The couple who made it happen, Aaron Huntsman and William Lee Jones, celebrated the decision Thursday night.
"I actually dropped my phone when I got the call," Jones said. "I was so excited, so proud and happy, so glad that we made it this far so far."
Gay marriage proponents have won more than 20 legal decisions around the country since the U.S. Supreme Court struck down the federal Defense of Marriage Act last year, although those rulings remain in various stages of appeal. Many legal experts say the Supreme Court may ultimately have to decide the question for all states.
Currently, 19 states and the District of Columbia have legalized same-sex marriage.
During a recent hearing on a related Florida case in Miami-Dade County, attorneys for gay couples noted that, after a long legal fight, the state finally allowed them to adopt children but refused to recognize them as married.

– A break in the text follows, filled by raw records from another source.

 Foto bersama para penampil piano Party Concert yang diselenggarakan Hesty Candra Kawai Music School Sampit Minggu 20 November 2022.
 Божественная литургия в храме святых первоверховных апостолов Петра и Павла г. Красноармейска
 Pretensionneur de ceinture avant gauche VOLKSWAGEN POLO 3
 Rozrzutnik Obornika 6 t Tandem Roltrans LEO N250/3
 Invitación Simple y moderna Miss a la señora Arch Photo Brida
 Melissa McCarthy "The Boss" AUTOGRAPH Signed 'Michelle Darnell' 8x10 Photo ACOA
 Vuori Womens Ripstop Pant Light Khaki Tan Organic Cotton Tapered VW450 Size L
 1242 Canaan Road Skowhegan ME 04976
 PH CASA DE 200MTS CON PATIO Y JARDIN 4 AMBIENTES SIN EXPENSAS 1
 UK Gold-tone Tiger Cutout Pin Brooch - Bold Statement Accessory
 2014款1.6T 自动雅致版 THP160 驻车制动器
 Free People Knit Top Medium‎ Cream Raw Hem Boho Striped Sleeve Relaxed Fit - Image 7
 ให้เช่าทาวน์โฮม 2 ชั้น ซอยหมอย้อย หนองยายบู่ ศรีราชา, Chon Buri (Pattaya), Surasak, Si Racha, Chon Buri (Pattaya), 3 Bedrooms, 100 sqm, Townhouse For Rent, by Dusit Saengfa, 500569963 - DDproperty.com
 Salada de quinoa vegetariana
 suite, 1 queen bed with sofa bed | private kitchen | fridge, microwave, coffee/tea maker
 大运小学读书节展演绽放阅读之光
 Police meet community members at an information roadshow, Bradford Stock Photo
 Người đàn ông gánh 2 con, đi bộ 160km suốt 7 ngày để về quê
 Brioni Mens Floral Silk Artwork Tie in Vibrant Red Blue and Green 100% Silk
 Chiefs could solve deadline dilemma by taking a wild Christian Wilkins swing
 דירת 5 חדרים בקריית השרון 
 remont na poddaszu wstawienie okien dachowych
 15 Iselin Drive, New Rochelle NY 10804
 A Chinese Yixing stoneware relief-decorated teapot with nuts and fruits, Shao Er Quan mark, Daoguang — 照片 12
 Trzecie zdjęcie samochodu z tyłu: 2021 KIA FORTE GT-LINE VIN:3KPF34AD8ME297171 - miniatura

"That inequality stigmatizes the couples and their children as second-class citizens," attorney Sylvia Walbolt said. "Same-sex marriages are completely beneficial. They are entitled to the full protection of the Constitution."
Supporters of the gay marriage ban focused mainly on the 2008 referendum vote rather than whether same-sex marriages were harmful or beneficial. Anthony Verdugo, executive director of the Christian Family Coalition, said it was wrong for a single judge to overrule the will of a majority vote.
"The people of the state have the right to decide," Verdugo said.
Along with the similar lawsuit pending in Miami-Dade, a separate lawsuit is pending in a federal court in Tallahassee seeking to force Florida to allow gay marriage and recognize same-sex marriages performed in other states.
Florida has long been a battleground over gay rights. In the 1970s, singer and orange juice spokeswoman Anita Bryant led a successful campaign to overturn a Dade County ordinance that banned discrimination against gays. The county commission reinstated the ban two decades later.
Florida in 1977 became the only state that prohibited all gay people from adopting children. A state court judge threw out the law in 2008, finding "no rational basis" for the ban and approving the adoption of two young brothers by Martin Gill and his male partner. The state decided two years later not to appeal that ruling, making gay adoption legal.
The amendment Garcia overturned Thursday was passed by a 62-38 margin in 2008 and banned both same-sex marriage and domestic partnerships.